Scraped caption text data
- Opening Delimiter -
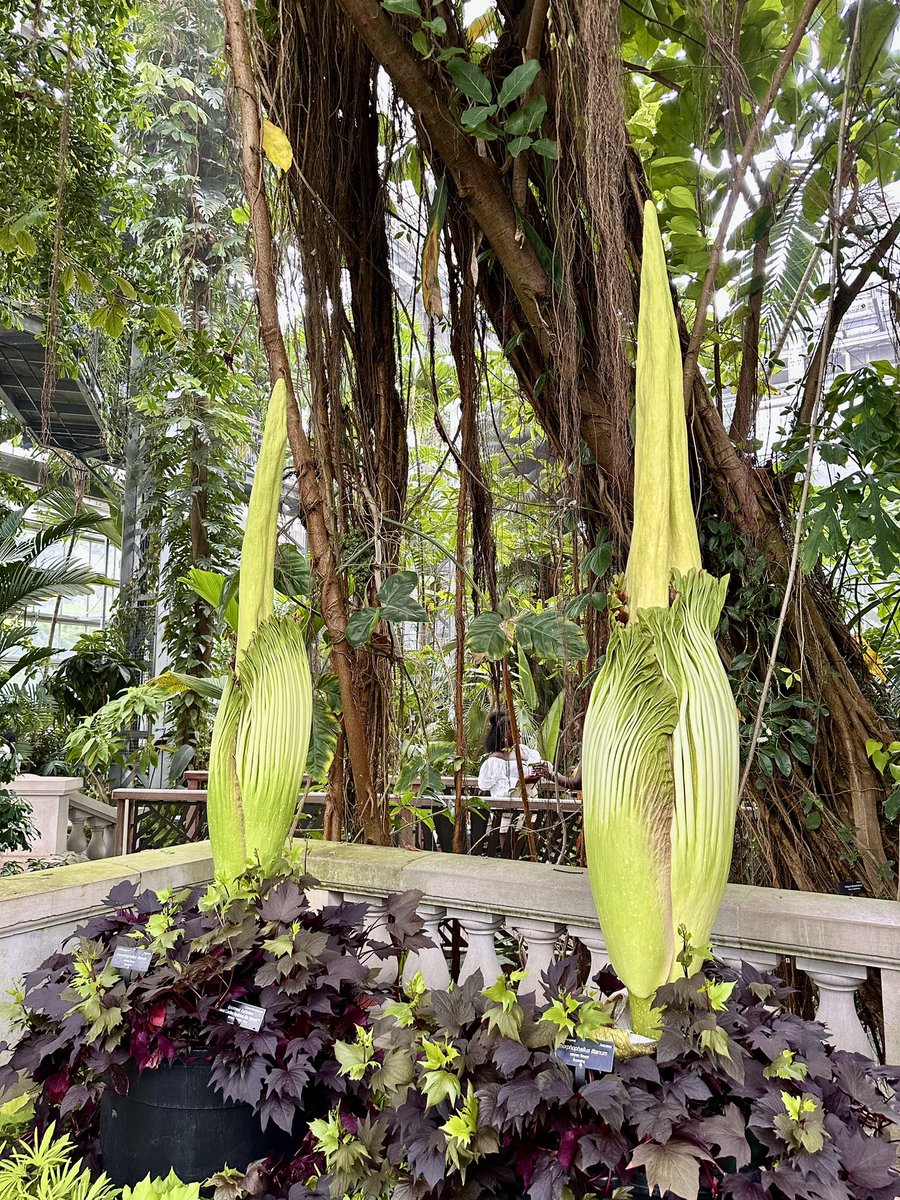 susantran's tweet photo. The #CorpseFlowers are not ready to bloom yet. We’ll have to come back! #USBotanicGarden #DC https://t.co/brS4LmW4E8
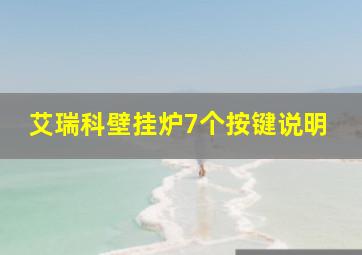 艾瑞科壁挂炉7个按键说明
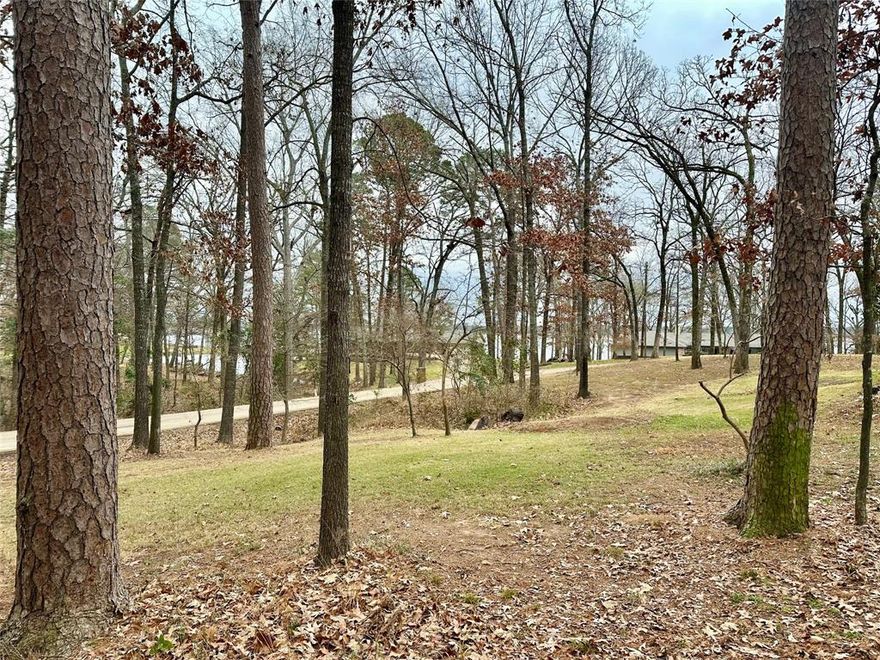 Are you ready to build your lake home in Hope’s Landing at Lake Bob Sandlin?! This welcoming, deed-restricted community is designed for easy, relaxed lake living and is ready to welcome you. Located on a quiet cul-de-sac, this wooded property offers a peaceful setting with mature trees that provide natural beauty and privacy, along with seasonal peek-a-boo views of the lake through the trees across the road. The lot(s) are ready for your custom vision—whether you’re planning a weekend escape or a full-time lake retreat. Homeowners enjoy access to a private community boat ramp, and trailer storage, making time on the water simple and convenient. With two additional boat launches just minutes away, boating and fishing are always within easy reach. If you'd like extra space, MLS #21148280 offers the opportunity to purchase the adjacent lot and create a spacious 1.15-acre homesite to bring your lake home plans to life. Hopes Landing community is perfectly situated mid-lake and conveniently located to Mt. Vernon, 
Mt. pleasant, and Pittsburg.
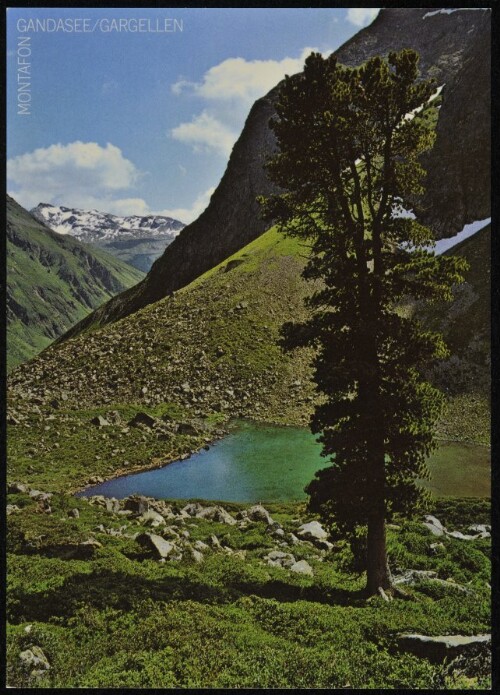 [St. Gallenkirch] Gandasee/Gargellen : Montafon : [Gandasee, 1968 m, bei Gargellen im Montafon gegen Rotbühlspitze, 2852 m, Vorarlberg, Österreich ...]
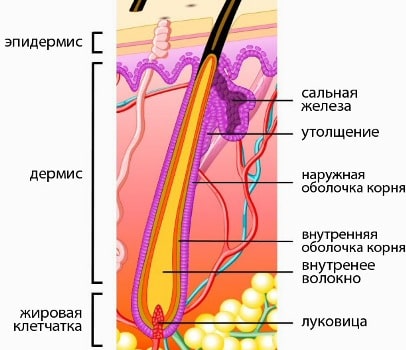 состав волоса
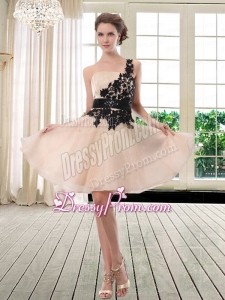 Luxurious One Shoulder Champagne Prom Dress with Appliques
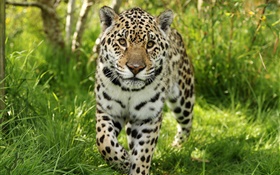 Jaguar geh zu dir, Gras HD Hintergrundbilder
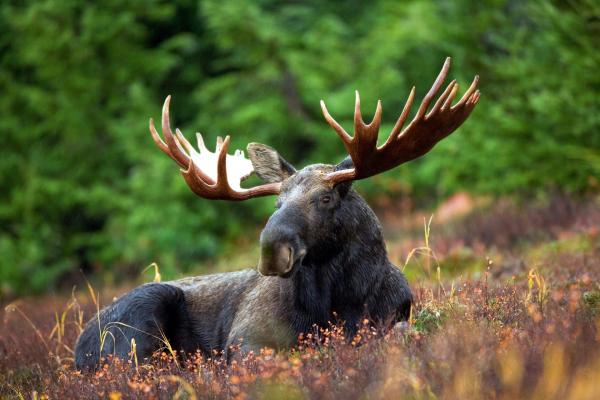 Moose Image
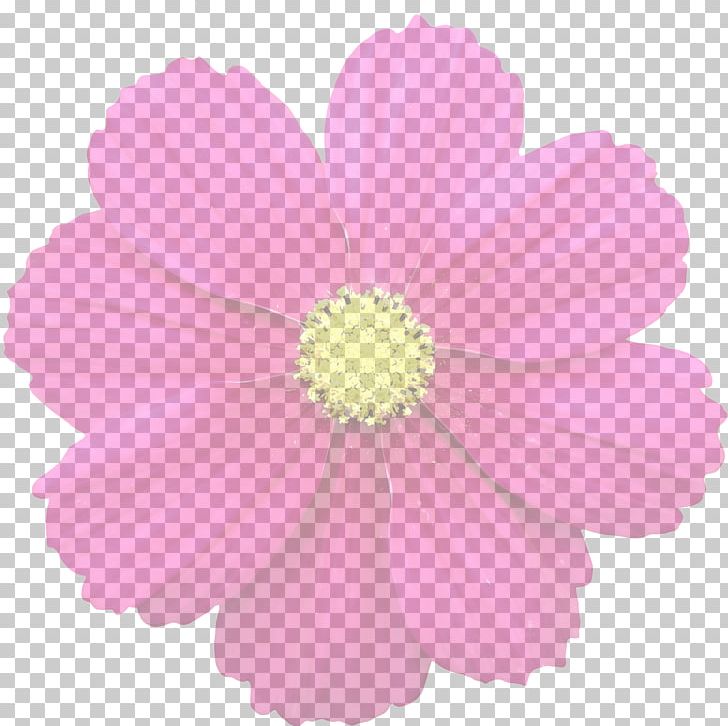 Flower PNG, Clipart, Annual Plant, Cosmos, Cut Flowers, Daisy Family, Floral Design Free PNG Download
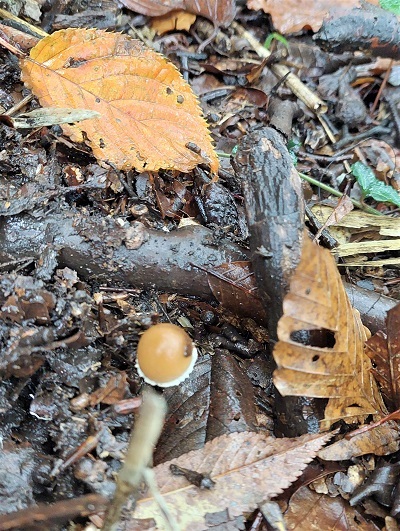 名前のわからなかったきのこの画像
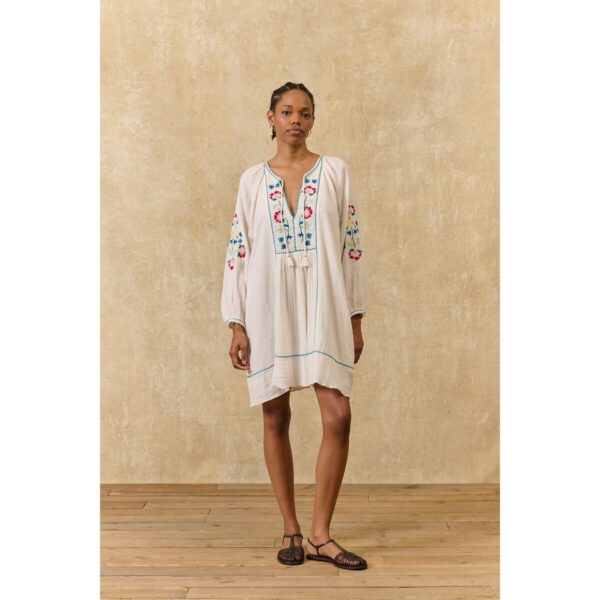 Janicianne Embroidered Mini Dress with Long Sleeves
- Closing Delimiter -
INSTRUCTIONS FOR THE TASK.
Exactly as written, set down the lines from the line holding "Moose Image" to the last line of the data, both ends included, pictures excluded.

SOLVED EXERCISE.
 Moose Image
 Flower PNG, Clipart, Annual Plant, Cosmos, Cut Flowers, Daisy Family, Floral Design Free PNG Download
 名前のわからなかったきのこの画像
 Janicianne Embroidered Mini Dress with Long Sleeves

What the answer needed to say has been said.